Stored data
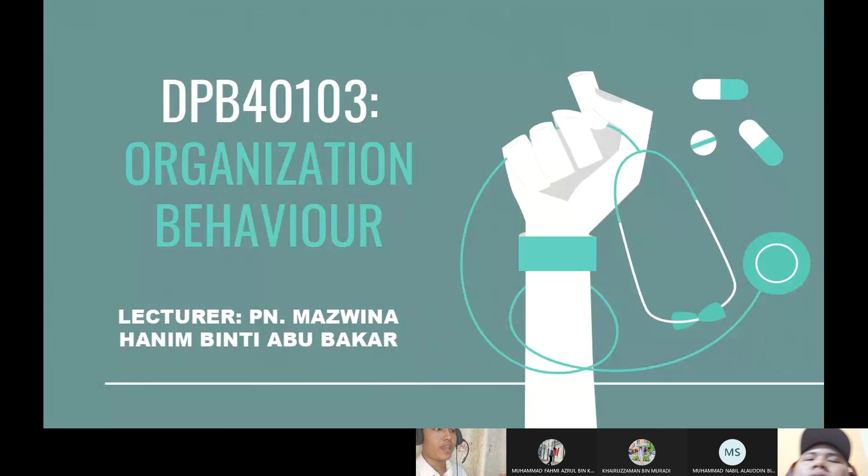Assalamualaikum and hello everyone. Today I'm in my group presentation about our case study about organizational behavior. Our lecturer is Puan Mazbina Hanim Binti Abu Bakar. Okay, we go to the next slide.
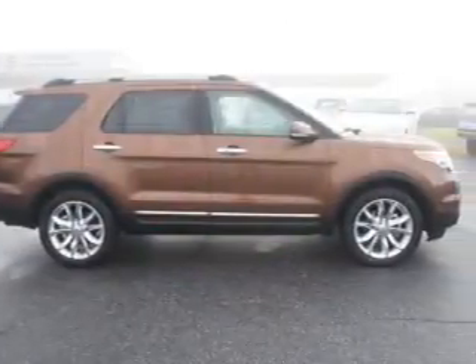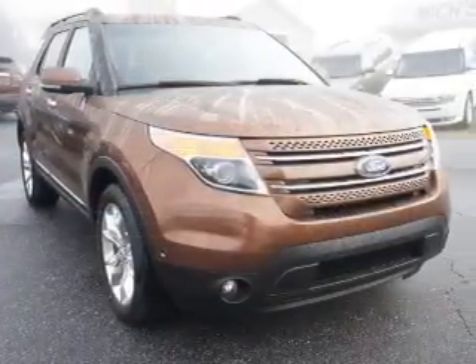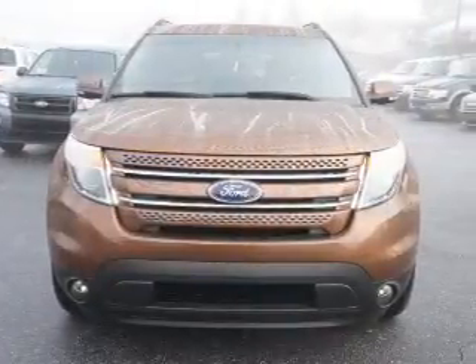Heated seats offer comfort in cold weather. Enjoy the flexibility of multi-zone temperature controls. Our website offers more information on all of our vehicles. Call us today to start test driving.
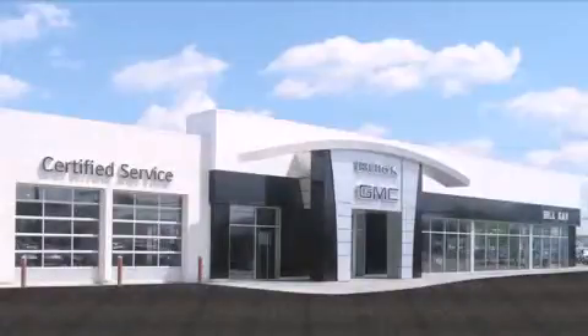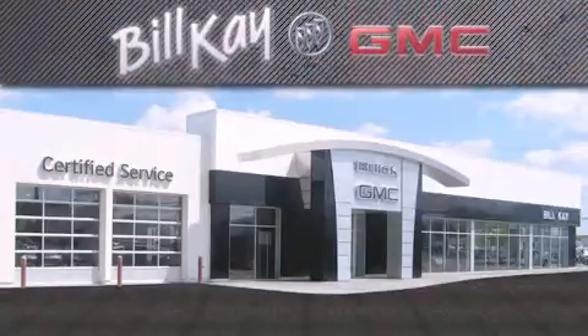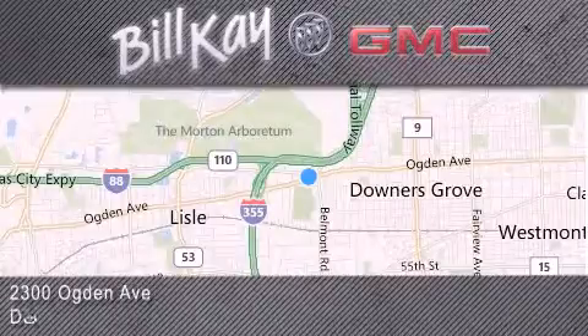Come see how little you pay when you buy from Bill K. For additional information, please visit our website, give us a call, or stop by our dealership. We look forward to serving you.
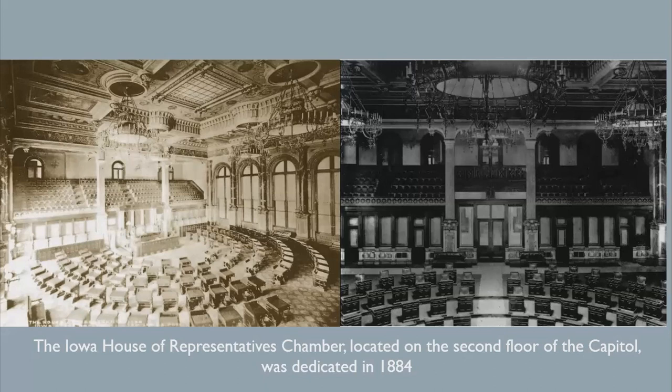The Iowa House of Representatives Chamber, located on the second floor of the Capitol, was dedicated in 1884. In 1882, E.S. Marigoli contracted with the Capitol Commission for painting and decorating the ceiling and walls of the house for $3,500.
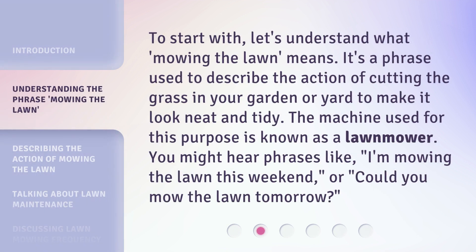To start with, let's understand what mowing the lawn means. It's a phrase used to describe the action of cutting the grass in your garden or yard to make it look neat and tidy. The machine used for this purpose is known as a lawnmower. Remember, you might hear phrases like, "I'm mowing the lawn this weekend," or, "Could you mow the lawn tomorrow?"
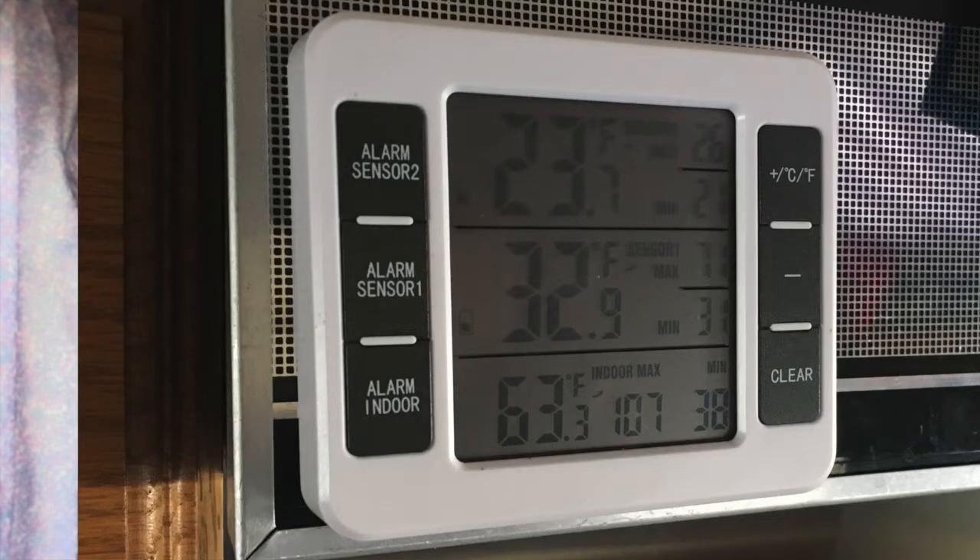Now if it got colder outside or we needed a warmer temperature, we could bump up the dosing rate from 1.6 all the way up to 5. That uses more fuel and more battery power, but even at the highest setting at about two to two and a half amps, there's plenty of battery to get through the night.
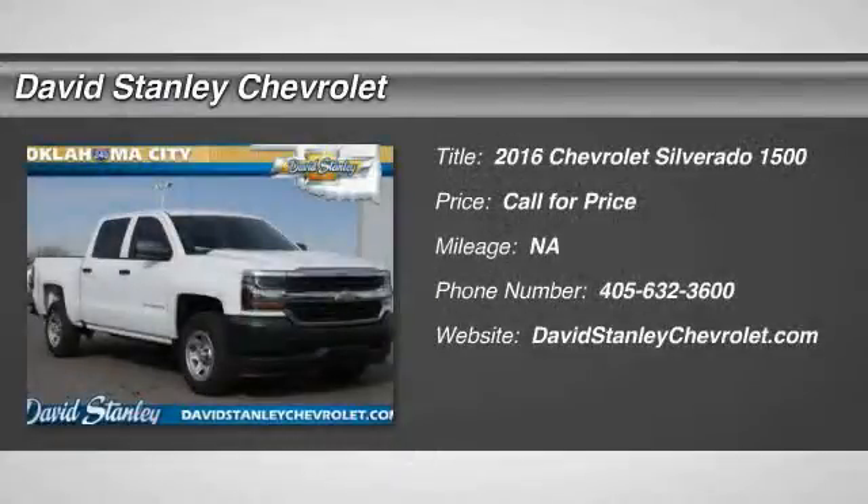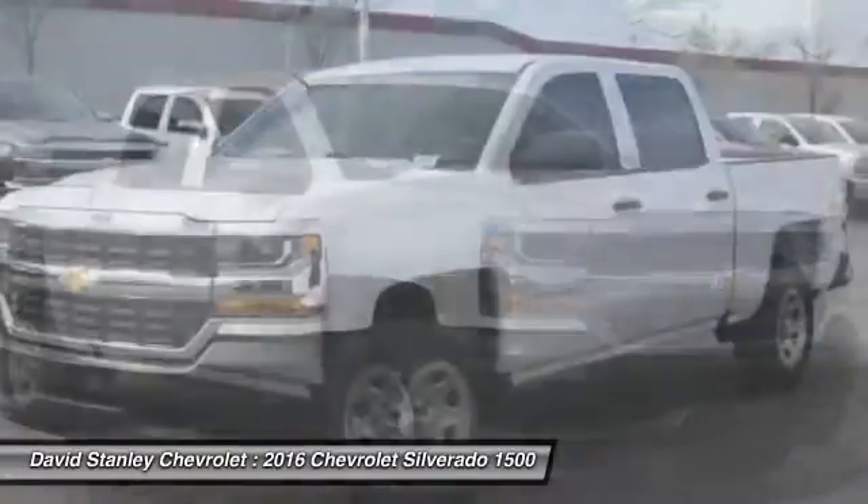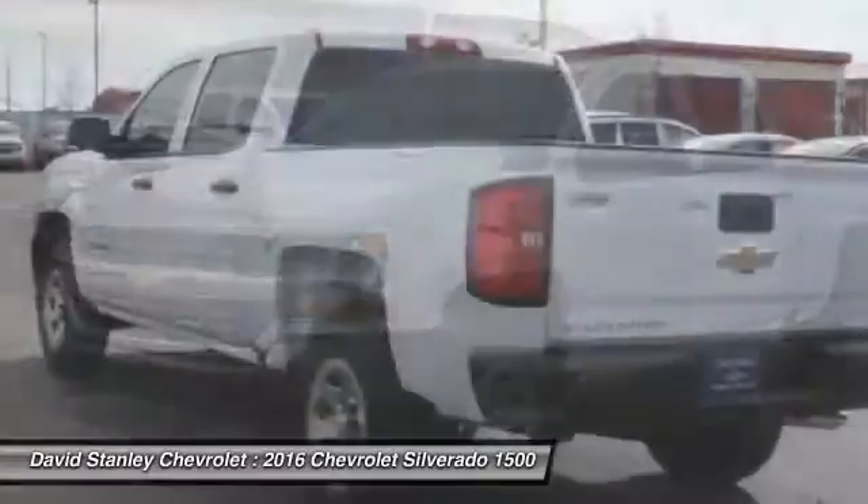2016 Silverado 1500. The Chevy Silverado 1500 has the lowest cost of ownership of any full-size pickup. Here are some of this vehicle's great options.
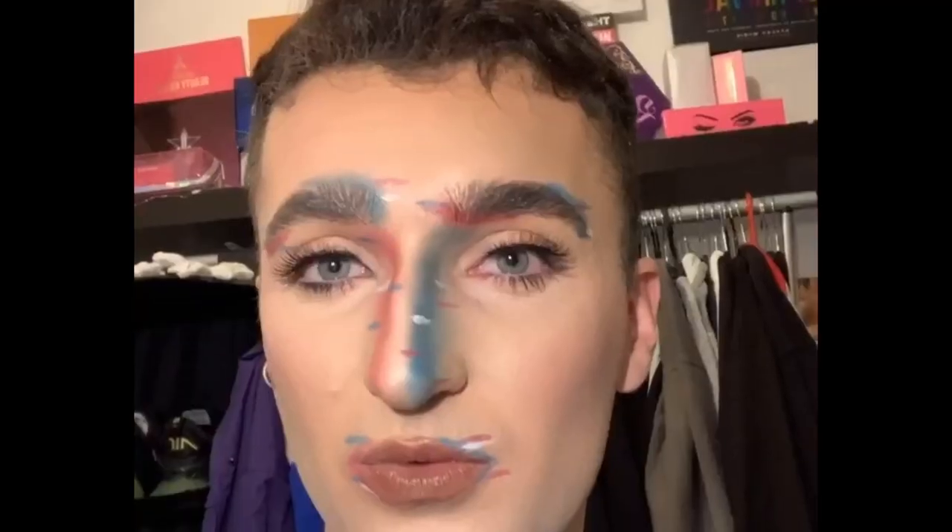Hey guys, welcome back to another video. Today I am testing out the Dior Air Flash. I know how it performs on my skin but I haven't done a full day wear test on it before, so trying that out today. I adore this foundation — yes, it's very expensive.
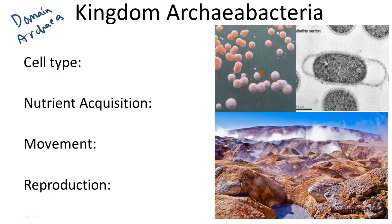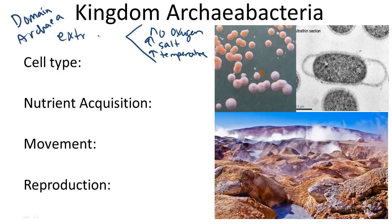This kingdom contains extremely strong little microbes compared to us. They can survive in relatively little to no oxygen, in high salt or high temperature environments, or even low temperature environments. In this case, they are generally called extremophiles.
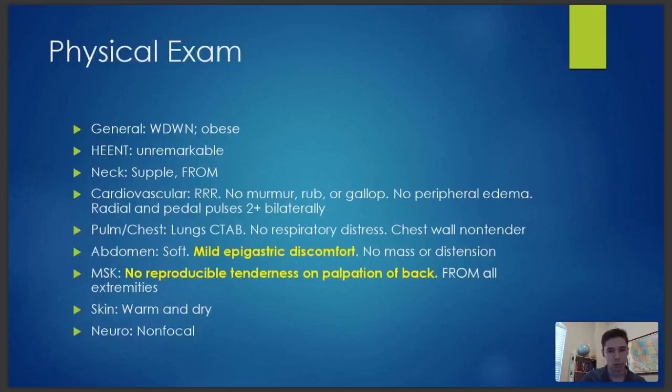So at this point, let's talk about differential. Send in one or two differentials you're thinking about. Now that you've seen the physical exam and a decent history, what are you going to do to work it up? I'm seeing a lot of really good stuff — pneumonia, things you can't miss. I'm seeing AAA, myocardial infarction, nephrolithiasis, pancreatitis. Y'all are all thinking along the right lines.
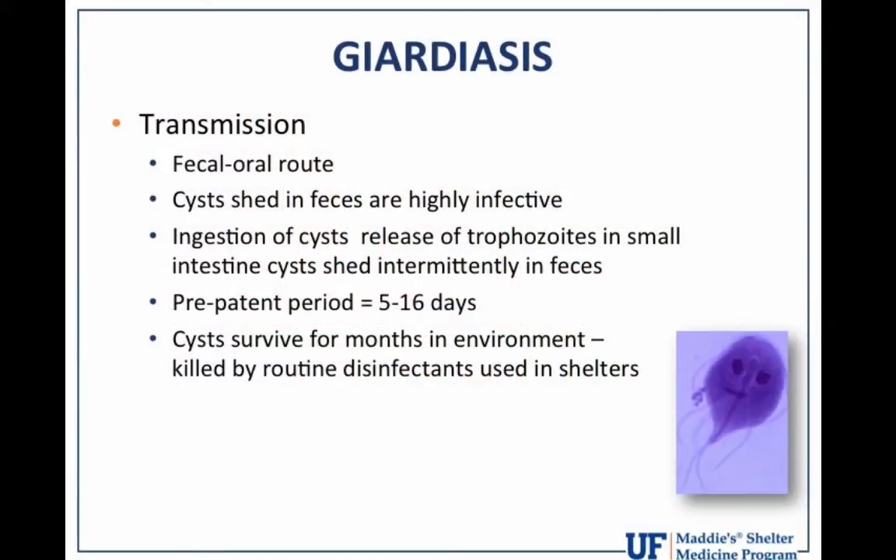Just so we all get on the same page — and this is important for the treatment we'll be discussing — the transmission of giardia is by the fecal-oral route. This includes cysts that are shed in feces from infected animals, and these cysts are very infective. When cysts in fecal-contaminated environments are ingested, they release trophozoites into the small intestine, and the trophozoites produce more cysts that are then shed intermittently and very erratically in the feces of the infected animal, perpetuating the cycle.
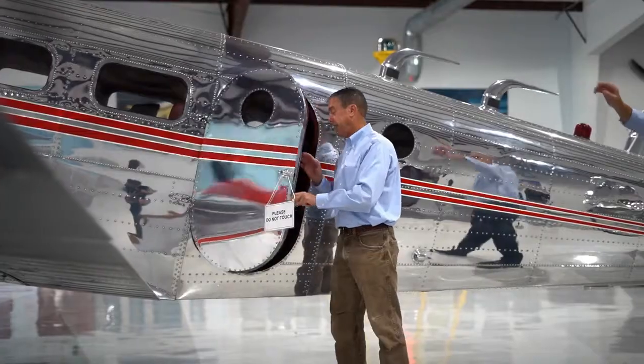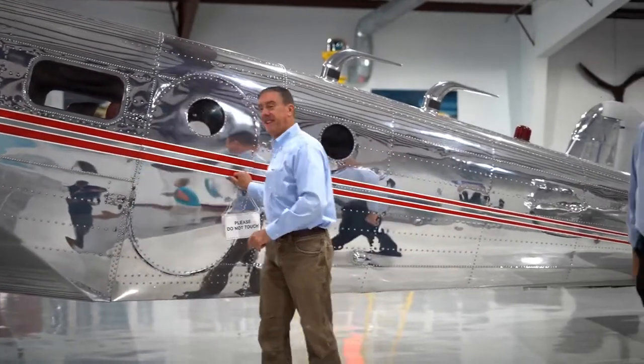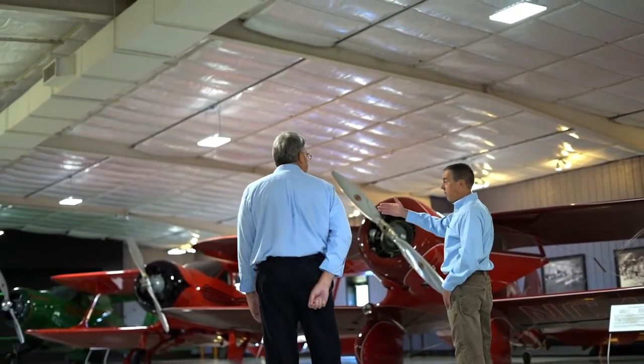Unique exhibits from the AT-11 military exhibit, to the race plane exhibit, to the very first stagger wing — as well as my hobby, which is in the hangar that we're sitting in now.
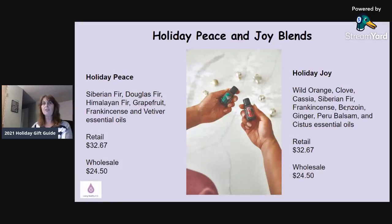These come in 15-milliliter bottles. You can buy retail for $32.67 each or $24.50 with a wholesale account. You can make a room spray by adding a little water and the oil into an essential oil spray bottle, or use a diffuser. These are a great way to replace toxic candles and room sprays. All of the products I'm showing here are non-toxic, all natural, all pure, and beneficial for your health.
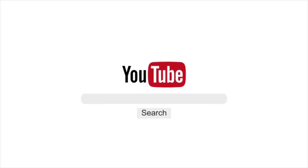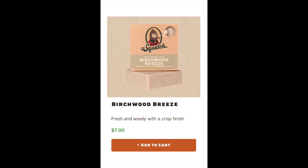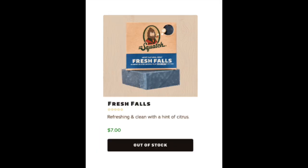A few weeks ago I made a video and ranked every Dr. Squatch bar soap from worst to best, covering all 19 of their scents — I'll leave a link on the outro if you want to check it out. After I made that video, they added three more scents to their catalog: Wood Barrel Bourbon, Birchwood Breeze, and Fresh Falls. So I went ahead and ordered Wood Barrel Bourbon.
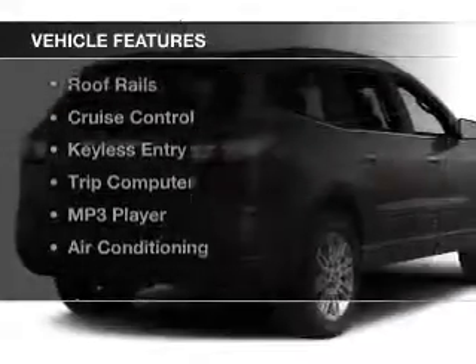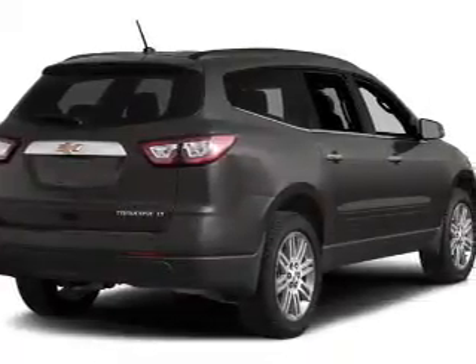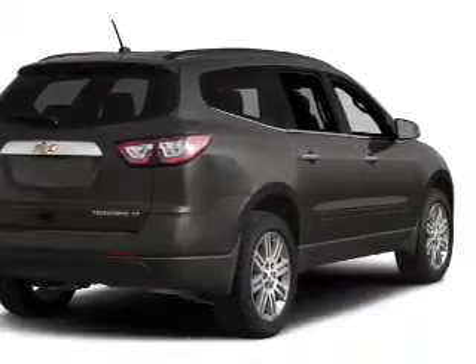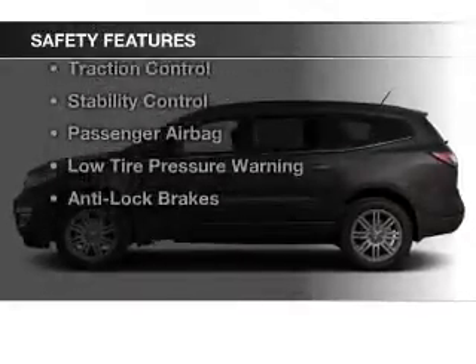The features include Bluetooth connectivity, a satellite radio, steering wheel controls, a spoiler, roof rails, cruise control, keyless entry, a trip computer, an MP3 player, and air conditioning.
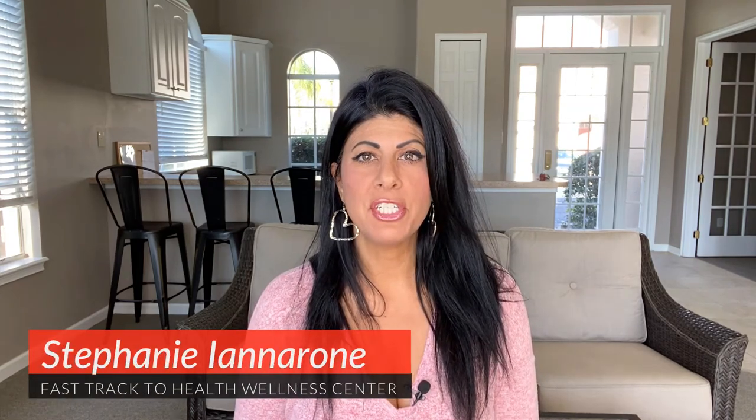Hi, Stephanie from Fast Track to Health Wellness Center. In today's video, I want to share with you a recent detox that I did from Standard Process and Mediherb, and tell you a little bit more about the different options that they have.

PROBLEM DESCRIPTION
Using the data above, output the line that has "Come see how", the line that has "Hey guys, welcome", and whatever lines fall between, each exactly as it stands and without pictures.

WORKED SOLUTION
Come see how little you pay when you buy from Bill K. For additional information, please visit our website, give us a call, or stop by our dealership. We look forward to serving you.
The Iowa House of Representatives Chamber, located on the second floor of the Capitol, was dedicated in 1884. In 1882, E.S. Marigoli contracted with the Capitol Commission for painting and decorating the ceiling and walls of the house for $3,500.
To start with, let's understand what mowing the lawn means. It's a phrase used to describe the action of cutting the grass in your garden or yard to make it look neat and tidy. The machine used for this purpose is known as a lawnmower. Remember, you might hear phrases like, "I'm mowing the lawn this weekend," or, "Could you mow the lawn tomorrow?"
Now if it got colder outside or we needed a warmer temperature, we could bump up the dosing rate from 1.6 all the way up to 5. That uses more fuel and more battery power, but even at the highest setting at about two to two and a half amps, there's plenty of battery to get through the night.
2016 Silverado 1500. The Chevy Silverado 1500 has the lowest cost of ownership of any full-size pickup. Here are some of this vehicle's great options.
Hey guys, welcome back to another video. Today I am testing out the Dior Air Flash. I know how it performs on my skin but I haven't done a full day wear test on it before, so trying that out today. I adore this foundation — yes, it's very expensive.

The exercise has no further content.